[Dataset items]

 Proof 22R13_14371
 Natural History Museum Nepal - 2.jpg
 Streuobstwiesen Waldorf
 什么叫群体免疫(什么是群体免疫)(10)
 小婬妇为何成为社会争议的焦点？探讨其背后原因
--
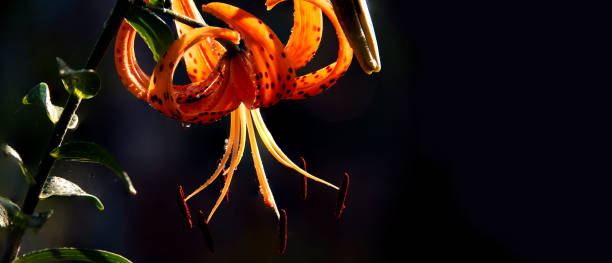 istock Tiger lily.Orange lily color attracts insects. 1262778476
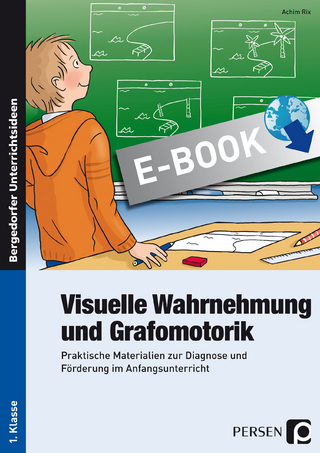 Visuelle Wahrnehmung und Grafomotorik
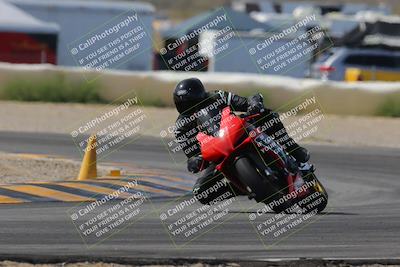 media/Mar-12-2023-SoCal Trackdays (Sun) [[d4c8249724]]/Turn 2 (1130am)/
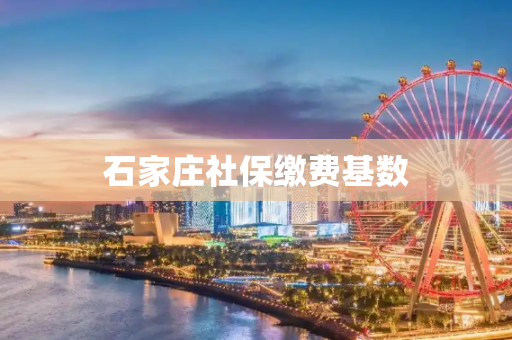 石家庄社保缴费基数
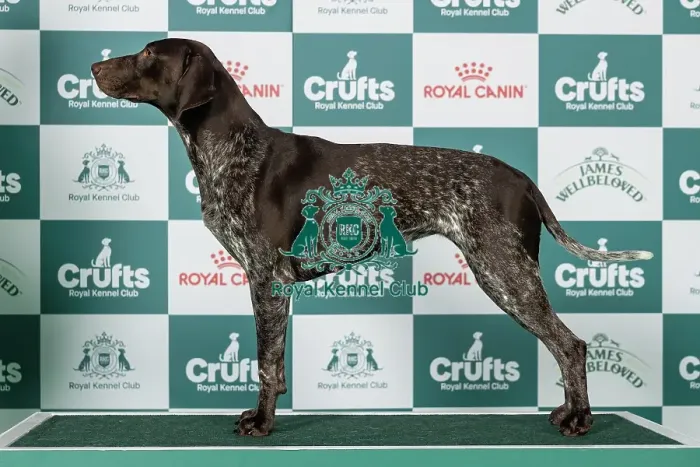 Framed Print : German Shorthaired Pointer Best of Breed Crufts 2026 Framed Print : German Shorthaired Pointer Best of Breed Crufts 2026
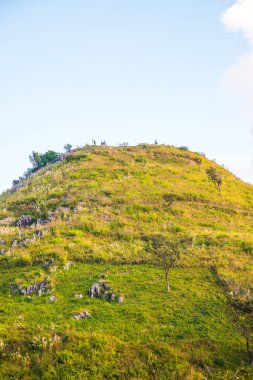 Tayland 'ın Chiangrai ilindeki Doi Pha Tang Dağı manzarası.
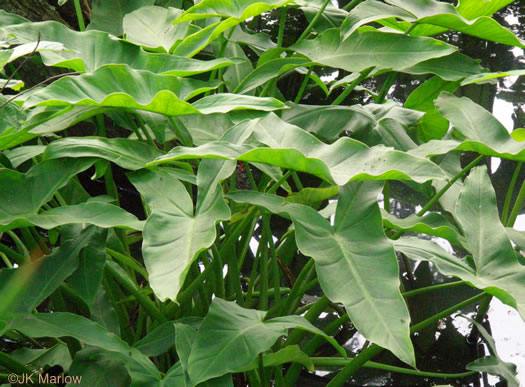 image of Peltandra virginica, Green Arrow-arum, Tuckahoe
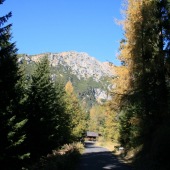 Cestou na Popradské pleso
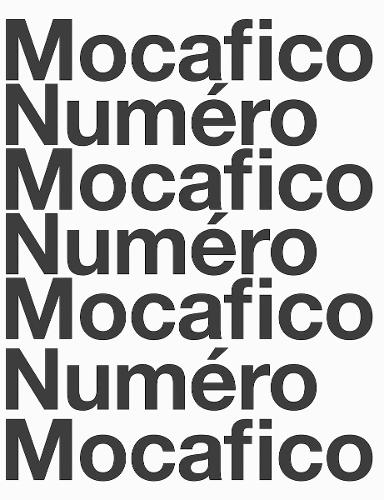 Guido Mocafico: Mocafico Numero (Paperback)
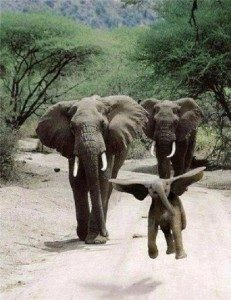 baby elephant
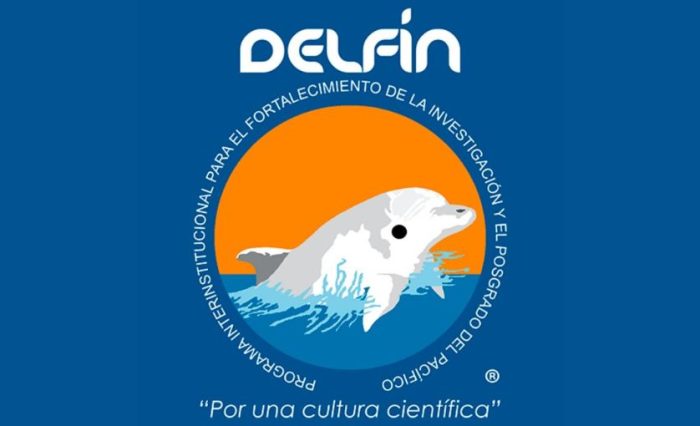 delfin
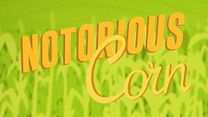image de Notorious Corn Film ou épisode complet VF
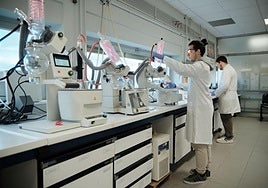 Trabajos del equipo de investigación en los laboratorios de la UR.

# PROBLEM DETAILS
Taking the entries above, copy word for word the lines from the one with "image de Notorious" up to and including the one with "Trabajos del equipo", without any picture.

# EXERCISE SOLUTION
image de Notorious Corn Film ou épisode complet VF
 Trabajos del equipo de investigación en los laboratorios de la UR.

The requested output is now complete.